Financial analysts have struggled to interpret and predict the impact of the Trump presidency on the markets. Initial expectations of market turmoil and a decline in the US dollar proved misplaced. Instead the “Trump trade” has sent the US currency and the Dow Jones index to new highs. Investors seemed happy to ignore the economic and political risks of the Trump presidency, concentrating instead on his promises to cut business regulation and taxes, and boost growth.
The question now is whether the mood change we have seen this week is a temporary aberration or something more fundamental. There is no doubt that the market shakes of the last few days have been at least in part politically inspired. The stronger dollar, in particular, had been driven by expectations of stronger growth and higher US interest rates. Now investors are starting to ask if Trump’s pro-growth policies will ever actually be implemented.
The clearest casualty has been the US dollar, which has lost all the gains it made since the US election. Analysis is complicated here by the recovery of the euro, which has made significant gains, as evidence builds of a euro zone recovery. US stocks are also nervy, particularly bank shares which were seen as beneficiaries of less regulation. With the earnings season coming to an end, political factors are now likely to dominate the headlines for the next few months and who knows where that will lead.
The other key factor, of course, will be the underlying evidence of the health of US economy.

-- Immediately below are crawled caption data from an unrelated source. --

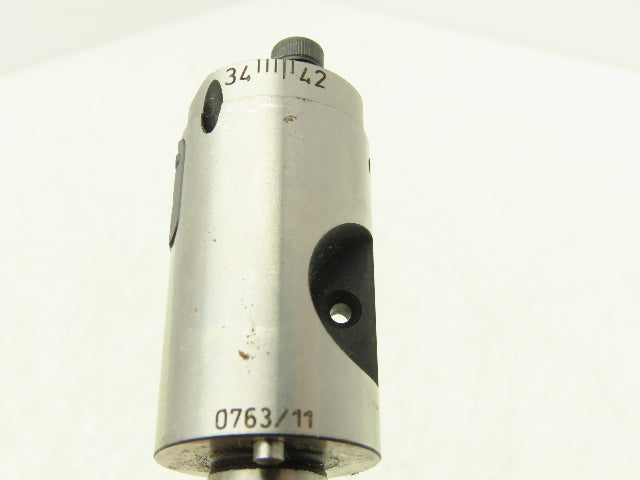 Koyemann BZE34-FCM25 Rough Boring Head 34-42mm Range Assembly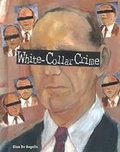 Cover: White-collar Crime - Chelsea House Publishers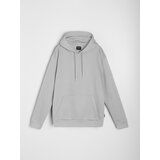 Sinsay Basic hoodie | shoptok.hr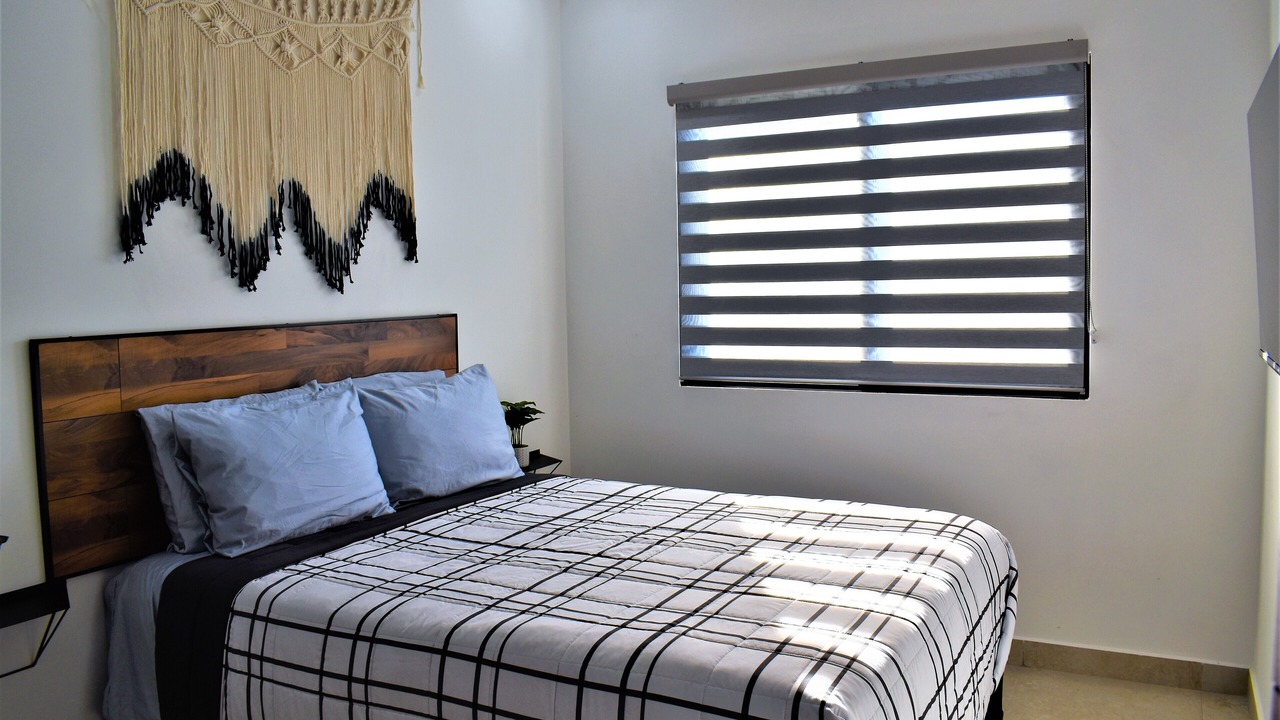 Photo of Bedroom in Pedregal
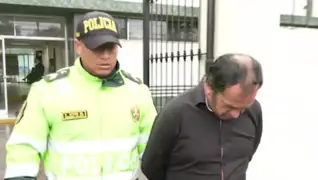 ¡Exclusivo! Panamericana accede al testimonio de implicados en presunto secuestro de Iván Siucho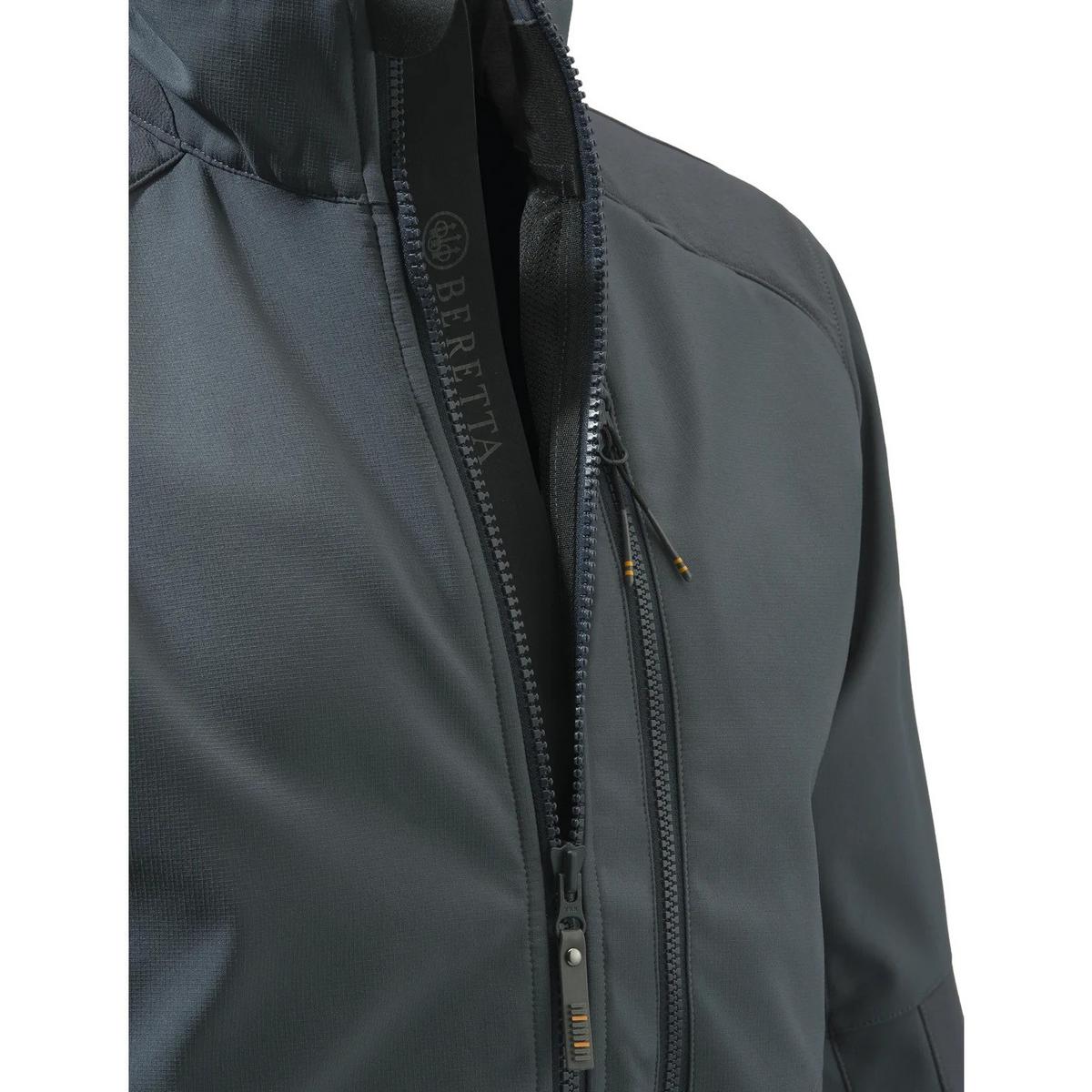 Beretta Butte Softshell Jacket BushWear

The markets were boosted in Trump’s early months by strong economic signs in the US and a more favourable outlook internationally, seen as favourable to US exporters. On any measure this has driven US shares to tasty enough valuations, pricing in significant future profit gains. This is why weaker data – such as this week’s US housing figures – quickly give investors the shakes.
Whatever happens to Trump, it may well be this flow of US and international data which will provide the fundamental underpinning for market moves. Political factors may drive money in and out of safe havens, such as gold and US and German treasuries, but the lesson of recent months is that economic fundamentals, sooner or later, underlie everything.